Nearly 1,600 books faced challenges in 2021, according to the American Library Association, the highest number it’s seen since it started tracking it 20 years ago.
ROCK ISLAND, Ill. – Attempts to ban books from schools and libraries across the country surged in 2021 to the highest number since the American Library Association began recording book challenges 20 years ago, the organization said earlier this month.
Last year, the ALA Office for Intellectual Freedom tracked 729 challenges to library, school and university materials, as well as research databases and e-book platforms. Each challenge can contain multiple titles, so the association reports that 1,597 different books were challenged. Most of the targeted books were by or about Black and LGBTQ people.
In 2020, the ALA only tracked 156 challenges and a total of 273 books were targeted.
The top 10 most challenged books in 2021 were:
- Gender Queer by Maia Kobabe
- Lawn Boy by Jonathan Evison
- All Boys Aren’t Blue by George M. Johnson
- Out of Darkness by Ashley Hope Perez
- The Hate U Give by Angie Thomas
- The Absolutely True Diary of a Part-Time Indian by Sherman Alexie
- Me and Earl and the Dying Girl by Jesse Andrews
- The Bluest Eye by Toni Morrison
- This Book is Gay by Juno Dawson
- Beyond Magenta by Susan Kuklin
The Rock Island Public Library follows the association’s Freedom to Read statement, director Angela Campbell said.

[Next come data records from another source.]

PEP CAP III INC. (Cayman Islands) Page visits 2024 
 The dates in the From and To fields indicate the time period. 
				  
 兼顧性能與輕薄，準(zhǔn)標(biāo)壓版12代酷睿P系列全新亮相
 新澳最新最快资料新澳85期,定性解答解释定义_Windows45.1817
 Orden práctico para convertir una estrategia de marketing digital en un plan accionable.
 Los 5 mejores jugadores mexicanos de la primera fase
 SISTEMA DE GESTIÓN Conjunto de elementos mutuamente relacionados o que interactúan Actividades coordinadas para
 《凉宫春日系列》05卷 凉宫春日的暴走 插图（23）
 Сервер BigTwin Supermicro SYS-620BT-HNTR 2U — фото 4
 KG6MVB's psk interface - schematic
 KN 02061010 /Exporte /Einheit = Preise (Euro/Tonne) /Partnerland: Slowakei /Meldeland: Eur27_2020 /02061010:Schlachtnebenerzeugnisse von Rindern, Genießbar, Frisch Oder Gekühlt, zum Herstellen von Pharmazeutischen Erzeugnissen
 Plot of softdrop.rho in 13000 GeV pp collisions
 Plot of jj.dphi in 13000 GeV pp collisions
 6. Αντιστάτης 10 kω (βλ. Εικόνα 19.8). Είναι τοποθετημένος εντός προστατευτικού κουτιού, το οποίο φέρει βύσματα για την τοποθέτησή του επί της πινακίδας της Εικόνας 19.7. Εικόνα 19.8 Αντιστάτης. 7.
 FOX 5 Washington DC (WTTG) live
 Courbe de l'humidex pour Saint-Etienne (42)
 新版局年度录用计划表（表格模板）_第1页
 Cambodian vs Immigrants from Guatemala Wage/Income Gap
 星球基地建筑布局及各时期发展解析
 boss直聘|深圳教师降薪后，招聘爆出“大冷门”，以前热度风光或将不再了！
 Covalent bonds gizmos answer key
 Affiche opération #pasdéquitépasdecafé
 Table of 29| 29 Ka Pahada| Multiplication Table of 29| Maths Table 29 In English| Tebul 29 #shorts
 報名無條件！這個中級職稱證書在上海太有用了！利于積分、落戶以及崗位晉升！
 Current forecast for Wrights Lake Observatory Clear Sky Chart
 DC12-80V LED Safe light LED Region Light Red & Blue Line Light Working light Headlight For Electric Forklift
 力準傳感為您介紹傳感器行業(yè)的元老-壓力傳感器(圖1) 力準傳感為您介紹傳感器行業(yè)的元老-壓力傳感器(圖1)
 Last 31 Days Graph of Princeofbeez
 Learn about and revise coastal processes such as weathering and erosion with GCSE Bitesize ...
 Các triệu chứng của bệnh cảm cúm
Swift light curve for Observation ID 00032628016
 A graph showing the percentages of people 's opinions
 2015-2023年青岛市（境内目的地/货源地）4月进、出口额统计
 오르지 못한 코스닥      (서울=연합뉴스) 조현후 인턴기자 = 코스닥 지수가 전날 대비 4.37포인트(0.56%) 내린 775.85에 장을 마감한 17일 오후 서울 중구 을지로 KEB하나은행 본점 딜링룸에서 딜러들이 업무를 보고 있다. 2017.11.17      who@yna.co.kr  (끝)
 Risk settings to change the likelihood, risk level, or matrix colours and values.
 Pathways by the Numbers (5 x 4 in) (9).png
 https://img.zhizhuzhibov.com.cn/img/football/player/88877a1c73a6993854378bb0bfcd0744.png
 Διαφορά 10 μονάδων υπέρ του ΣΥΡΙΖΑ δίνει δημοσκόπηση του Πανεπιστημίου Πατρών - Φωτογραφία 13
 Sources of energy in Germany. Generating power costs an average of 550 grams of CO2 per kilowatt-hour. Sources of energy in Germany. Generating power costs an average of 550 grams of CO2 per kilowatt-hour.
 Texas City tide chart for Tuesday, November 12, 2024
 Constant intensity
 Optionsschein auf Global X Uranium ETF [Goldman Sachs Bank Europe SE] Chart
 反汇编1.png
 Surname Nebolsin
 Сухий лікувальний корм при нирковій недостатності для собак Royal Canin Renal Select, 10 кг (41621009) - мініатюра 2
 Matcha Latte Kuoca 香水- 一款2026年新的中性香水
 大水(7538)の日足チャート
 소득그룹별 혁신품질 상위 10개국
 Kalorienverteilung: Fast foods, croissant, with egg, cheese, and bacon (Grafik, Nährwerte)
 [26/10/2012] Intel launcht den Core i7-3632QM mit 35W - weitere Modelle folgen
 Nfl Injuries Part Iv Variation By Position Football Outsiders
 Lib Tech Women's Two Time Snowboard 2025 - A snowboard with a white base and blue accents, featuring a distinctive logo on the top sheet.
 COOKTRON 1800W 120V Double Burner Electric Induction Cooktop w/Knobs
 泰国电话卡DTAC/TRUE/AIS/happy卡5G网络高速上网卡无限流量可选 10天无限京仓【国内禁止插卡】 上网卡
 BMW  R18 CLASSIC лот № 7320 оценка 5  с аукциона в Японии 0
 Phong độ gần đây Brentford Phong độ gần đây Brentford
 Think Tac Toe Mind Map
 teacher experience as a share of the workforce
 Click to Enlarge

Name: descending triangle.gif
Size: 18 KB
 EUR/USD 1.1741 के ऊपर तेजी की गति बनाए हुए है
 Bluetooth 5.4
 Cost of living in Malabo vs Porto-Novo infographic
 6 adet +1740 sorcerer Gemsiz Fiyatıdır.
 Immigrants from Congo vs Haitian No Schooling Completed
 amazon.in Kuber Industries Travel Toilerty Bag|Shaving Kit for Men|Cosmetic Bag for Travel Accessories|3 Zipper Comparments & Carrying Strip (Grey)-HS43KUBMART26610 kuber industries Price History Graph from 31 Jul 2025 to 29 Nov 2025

“Anyone has the right to come in and request an item if we do not have it, or check out an item,” Campbell said. “We want to make sure that the information we provide is all sides of an issue, because there are people who believe in one thing versus another … It’s not our job to judge why somebody wants to read, view or listen to something. And we take that very seriously. “
Developing its collection of books is also something the library takes seriously, she added.
“There’s so much that goes into collection development that most people do not realize and we pride ourselves on that,” Campbell said. “So when somebody wants to challenge what we would buy, and want to offer to our community, it challenges what we do and what we believe in as a person and for our profession. “
The Rock Island Library has not seen any challenges lately, but Campbell said it’s concerning to see that the number of challenges is increasing.
ROWVA parents were upset earlier this school year to learn that freshmen were reading The Hate U Give in English class. Now, the school board is no longer allowing it to be taught.
Also earlier this year, Iowa lawmakers discussed passing a bill that would jail teachers who allowed “obscene material” in the classroom.
“It is concerning particularly when they’re trying to make it a criminal offense, when in actuality all we’re trying to do is help the community,” she said. “When they try to restrict other people from viewing it or reading it , that’s not what it is to be an American. So yeah, it’s really disheartening. “
Reading is a form of escapism and a way to learn, she said.
Instead of trying to remove books from schools and libraries, Campbell recommends parents talk to their kids about the topics in the books.
“I truly believe in the art of communication and talking about it rather than getting mad or just eliminating it,” Campbell said. “It needs to be acknowledged that it exists, like it or not.”
The Rock Island Library celebrates Banned Book Week every September. Community members are invited to learn about and discuss books that have been banned at one point.